- _WORK INSTRUCTIONS_
Look through the records below for the line with "WhatsApp Image 2022-10-06 at 0 - 9" and the line with "fatih-erbakan-ali-babacani-ziyaret-ett-851851-252672.jpg", then return those lines and all lines between, exactly.

- _GIVEN INFORMATION_
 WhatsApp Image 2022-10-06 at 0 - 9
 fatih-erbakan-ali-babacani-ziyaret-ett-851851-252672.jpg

* * *

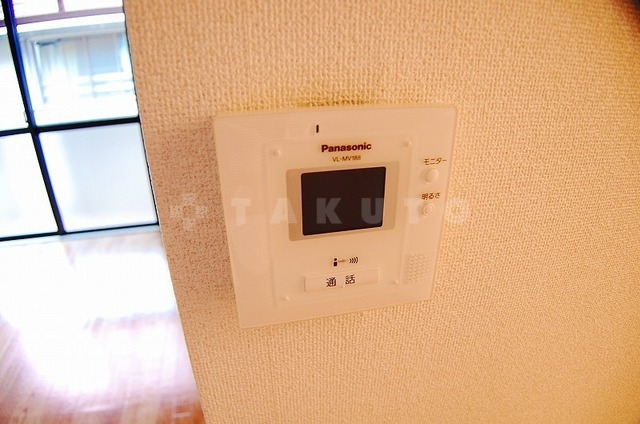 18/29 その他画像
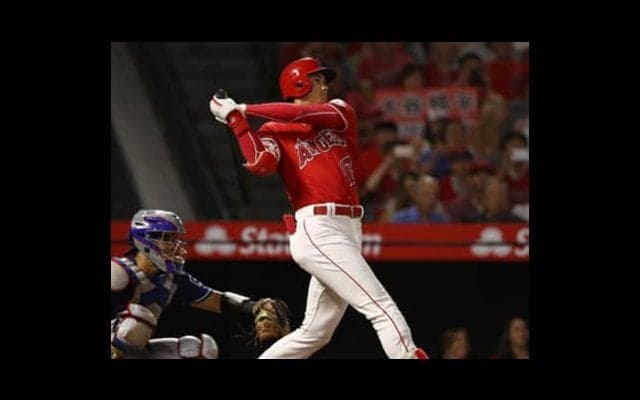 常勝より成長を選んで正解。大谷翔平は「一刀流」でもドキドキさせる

- _SOLUTION TO THE PROBLEM_
 WhatsApp Image 2022-10-06 at 0 - 9
 fatih-erbakan-ali-babacani-ziyaret-ett-851851-252672.jpg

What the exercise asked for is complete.